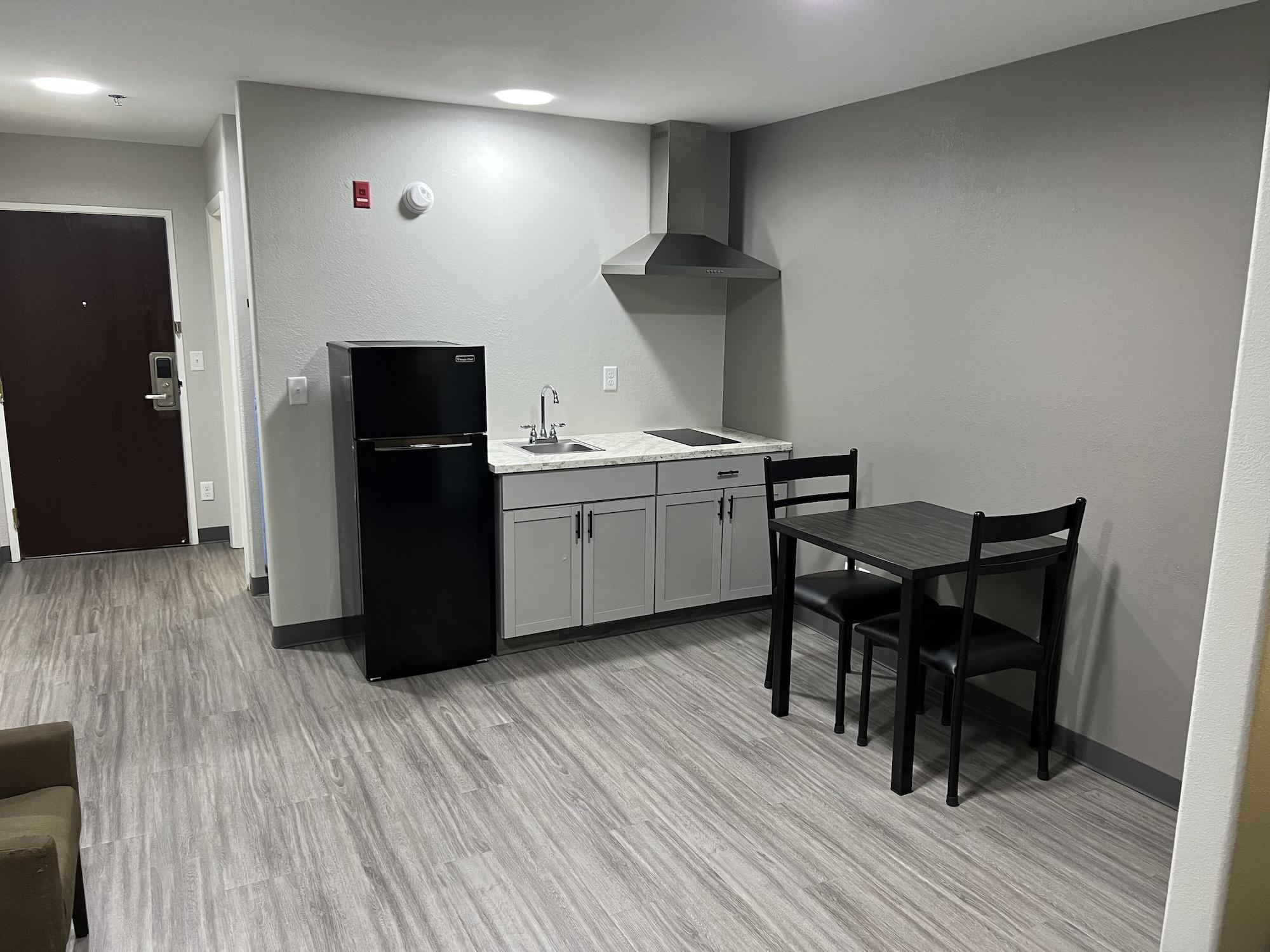 Super 8 By Wyndham Lake Charles/Sulphur מראה חיצוני תמונה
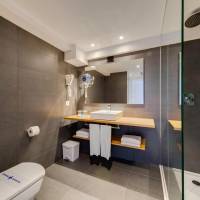 Superior Junior Suite with Lateral Sea View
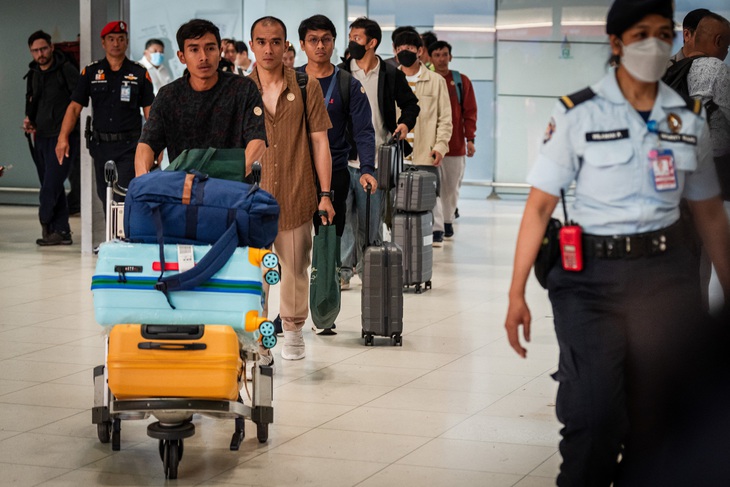 20 thủy thủ Thái Lan trở về nước sau vụ tấn công tàu ở vùng Vịnh, 3 người còn mắc kẹt - Ảnh 1. 20 thủy thủ Thái Lan về nước sau vụ tấn công tàu ở eo biển Hormuz, 3 người còn mất tích - Ảnh 1.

▶ **YOUR INSTRUCTIONS**
Set down the line containing "Superior Junior Suite with Lateral Sea View", then every later line through the end of the material, exactly as written; omit any picture.

▶ **TASK OUTPUT**
 Superior Junior Suite with Lateral Sea View
 20 thủy thủ Thái Lan trở về nước sau vụ tấn công tàu ở vùng Vịnh, 3 người còn mắc kẹt - Ảnh 1. 20 thủy thủ Thái Lan về nước sau vụ tấn công tàu ở eo biển Hormuz, 3 người còn mất tích - Ảnh 1.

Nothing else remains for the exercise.